Dr Philip Kotler, the marketing management guru was here in India recently. He networked and also launched an Asian edition of his marketing Bible 'Marketing Management'. In a freewheeling discussion with Founder of Great Lakes Institute of Management in Chennai, Dr. Bala Balachandran, Managing Director of Pantaloon Retail, Kishore Biyani and Managing Director of Titan Industries, Bhaskar Bhat, he tells them what makes brands stand out in a consumer's memory.

Excerpts from an interview given to CNBC-TV18

Q: In the first edition of marketing management, did you even think at that point how much the world would have changed in 2006?

Kotler: I was aware the world was changing continuously and people who forget that are going to be in trouble. But in 1967, I was interested in doing a better job for those people, who had marketing responsibilities to make better decisions. I don't think our textbooks at that time provided guidance because they were basically descriptive, they were not decision oriented.

Q: What do you think is the most significant change that the marketing function has had to confront over these 30 odd years or so?

Kotler: Two things. One is to move from mass marketing to a very focused marketing. We've even moved down from mass to segments to niches to each individual customer. The second big changed is a shift from transactions. When I wrote my 1967 book, it was all about how to make a sale and it didn't matter whether you kept the customer. Today, we can't do that and it is all about building a relationship and in fact it is moving to a third stage, which is to build a co-partnership with the customer, we called that co-creating value with the customer.

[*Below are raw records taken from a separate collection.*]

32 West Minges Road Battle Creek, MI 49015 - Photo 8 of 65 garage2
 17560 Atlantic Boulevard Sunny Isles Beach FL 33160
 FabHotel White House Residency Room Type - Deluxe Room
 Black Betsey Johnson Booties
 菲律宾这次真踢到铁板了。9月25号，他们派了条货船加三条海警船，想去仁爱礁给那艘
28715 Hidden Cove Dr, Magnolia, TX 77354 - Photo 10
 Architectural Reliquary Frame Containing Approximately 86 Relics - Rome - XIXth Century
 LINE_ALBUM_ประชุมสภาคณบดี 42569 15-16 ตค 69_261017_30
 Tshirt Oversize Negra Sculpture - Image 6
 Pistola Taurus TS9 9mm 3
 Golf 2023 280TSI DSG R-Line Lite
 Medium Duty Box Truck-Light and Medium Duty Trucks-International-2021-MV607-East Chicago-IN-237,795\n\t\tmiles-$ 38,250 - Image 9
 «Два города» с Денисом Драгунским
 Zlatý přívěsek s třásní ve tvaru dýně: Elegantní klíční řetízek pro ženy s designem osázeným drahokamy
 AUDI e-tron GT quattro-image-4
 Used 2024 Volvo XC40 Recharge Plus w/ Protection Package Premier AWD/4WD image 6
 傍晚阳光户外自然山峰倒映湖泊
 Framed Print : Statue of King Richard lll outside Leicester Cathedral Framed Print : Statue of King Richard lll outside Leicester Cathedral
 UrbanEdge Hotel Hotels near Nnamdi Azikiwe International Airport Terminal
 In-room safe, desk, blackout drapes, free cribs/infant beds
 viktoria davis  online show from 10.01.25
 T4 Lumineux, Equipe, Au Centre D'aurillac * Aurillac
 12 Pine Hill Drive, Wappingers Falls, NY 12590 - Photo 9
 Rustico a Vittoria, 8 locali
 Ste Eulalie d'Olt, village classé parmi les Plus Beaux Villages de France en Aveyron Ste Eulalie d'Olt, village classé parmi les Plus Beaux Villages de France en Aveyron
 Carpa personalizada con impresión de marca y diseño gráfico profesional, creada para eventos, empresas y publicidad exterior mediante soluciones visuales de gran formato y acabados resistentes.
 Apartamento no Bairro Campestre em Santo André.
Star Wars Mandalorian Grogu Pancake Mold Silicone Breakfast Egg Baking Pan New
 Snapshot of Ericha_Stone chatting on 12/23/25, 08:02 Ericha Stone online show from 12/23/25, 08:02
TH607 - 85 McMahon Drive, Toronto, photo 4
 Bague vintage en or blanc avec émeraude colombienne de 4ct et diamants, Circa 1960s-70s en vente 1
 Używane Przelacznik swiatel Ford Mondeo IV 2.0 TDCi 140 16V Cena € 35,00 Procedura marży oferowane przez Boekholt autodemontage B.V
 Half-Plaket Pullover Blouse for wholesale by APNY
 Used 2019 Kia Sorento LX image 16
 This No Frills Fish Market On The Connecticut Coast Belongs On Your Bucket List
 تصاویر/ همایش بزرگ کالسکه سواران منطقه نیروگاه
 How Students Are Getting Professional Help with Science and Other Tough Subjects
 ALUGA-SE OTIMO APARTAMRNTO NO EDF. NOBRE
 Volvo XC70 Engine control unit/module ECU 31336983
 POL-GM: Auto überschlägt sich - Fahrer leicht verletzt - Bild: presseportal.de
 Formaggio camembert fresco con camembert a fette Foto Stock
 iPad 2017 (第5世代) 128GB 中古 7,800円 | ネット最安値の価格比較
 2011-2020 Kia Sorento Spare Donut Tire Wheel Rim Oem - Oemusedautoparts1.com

Q: Customer retention and loyalty - is that perhaps the key task for the head of a company?

Bhat: Over the last 20 years, we have seen it change so significantly. I think it is both. First of all, there is so much under-penetration in most categories in India, leave aside the categories we are in. That new customer acquisition and retaining old customers are equally important because there is so much under-penetration and it is not just retaining through loyalty programmes. I think the loyalty programmes that we have seen are on one side. It is what you do at the point of interaction and it is about customer affection, which is a big challenge and I have seen that changed so significantly over the years. So, in short, customer acquisition as well as customer retention - both are important in the Indian context.

Q: You have said in past that it's the customer who is giving you the ideas?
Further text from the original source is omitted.